> **WHAT THIS TASK INVOLVES**:
Below are some records. Set each one down exactly as it reads.

TASK DATA Block Start

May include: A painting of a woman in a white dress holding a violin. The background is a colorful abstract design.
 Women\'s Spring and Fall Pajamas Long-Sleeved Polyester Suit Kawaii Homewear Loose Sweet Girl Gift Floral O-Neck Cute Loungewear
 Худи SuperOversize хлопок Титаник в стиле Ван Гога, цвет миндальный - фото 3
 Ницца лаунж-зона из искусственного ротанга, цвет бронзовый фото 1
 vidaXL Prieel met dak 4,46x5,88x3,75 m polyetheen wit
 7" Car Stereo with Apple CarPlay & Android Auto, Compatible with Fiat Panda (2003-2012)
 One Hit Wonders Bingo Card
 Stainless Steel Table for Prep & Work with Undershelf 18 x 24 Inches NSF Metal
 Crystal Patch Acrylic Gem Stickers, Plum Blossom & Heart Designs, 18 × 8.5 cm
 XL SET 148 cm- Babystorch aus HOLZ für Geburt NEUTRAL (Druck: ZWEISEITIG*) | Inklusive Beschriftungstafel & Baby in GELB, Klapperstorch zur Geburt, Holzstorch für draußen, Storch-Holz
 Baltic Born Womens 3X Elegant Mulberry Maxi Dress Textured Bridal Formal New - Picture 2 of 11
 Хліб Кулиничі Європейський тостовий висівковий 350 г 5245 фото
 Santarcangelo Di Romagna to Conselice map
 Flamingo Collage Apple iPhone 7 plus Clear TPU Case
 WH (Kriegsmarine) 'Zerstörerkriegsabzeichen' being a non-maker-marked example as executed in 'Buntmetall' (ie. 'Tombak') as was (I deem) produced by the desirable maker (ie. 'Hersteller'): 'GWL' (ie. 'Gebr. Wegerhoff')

TASK DATA Block End

> **TASK RESPONSE**:
May include: A painting of a woman in a white dress holding a violin. The background is a colorful abstract design.
 Women\'s Spring and Fall Pajamas Long-Sleeved Polyester Suit Kawaii Homewear Loose Sweet Girl Gift Floral O-Neck Cute Loungewear
 Худи SuperOversize хлопок Титаник в стиле Ван Гога, цвет миндальный - фото 3
 Ницца лаунж-зона из искусственного ротанга, цвет бронзовый фото 1
 vidaXL Prieel met dak 4,46x5,88x3,75 m polyetheen wit
 7" Car Stereo with Apple CarPlay & Android Auto, Compatible with Fiat Panda (2003-2012)
 One Hit Wonders Bingo Card
 Stainless Steel Table for Prep & Work with Undershelf 18 x 24 Inches NSF Metal
 Crystal Patch Acrylic Gem Stickers, Plum Blossom & Heart Designs, 18 × 8.5 cm
 XL SET 148 cm- Babystorch aus HOLZ für Geburt NEUTRAL (Druck: ZWEISEITIG*) | Inklusive Beschriftungstafel & Baby in GELB, Klapperstorch zur Geburt, Holzstorch für draußen, Storch-Holz
 Baltic Born Womens 3X Elegant Mulberry Maxi Dress Textured Bridal Formal New - Picture 2 of 11
 Хліб Кулиничі Європейський тостовий висівковий 350 г 5245 фото
 Santarcangelo Di Romagna to Conselice map
 Flamingo Collage Apple iPhone 7 plus Clear TPU Case
 WH (Kriegsmarine) 'Zerstörerkriegsabzeichen' being a non-maker-marked example as executed in 'Buntmetall' (ie. 'Tombak') as was (I deem) produced by the desirable maker (ie. 'Hersteller'): 'GWL' (ie. 'Gebr. Wegerhoff')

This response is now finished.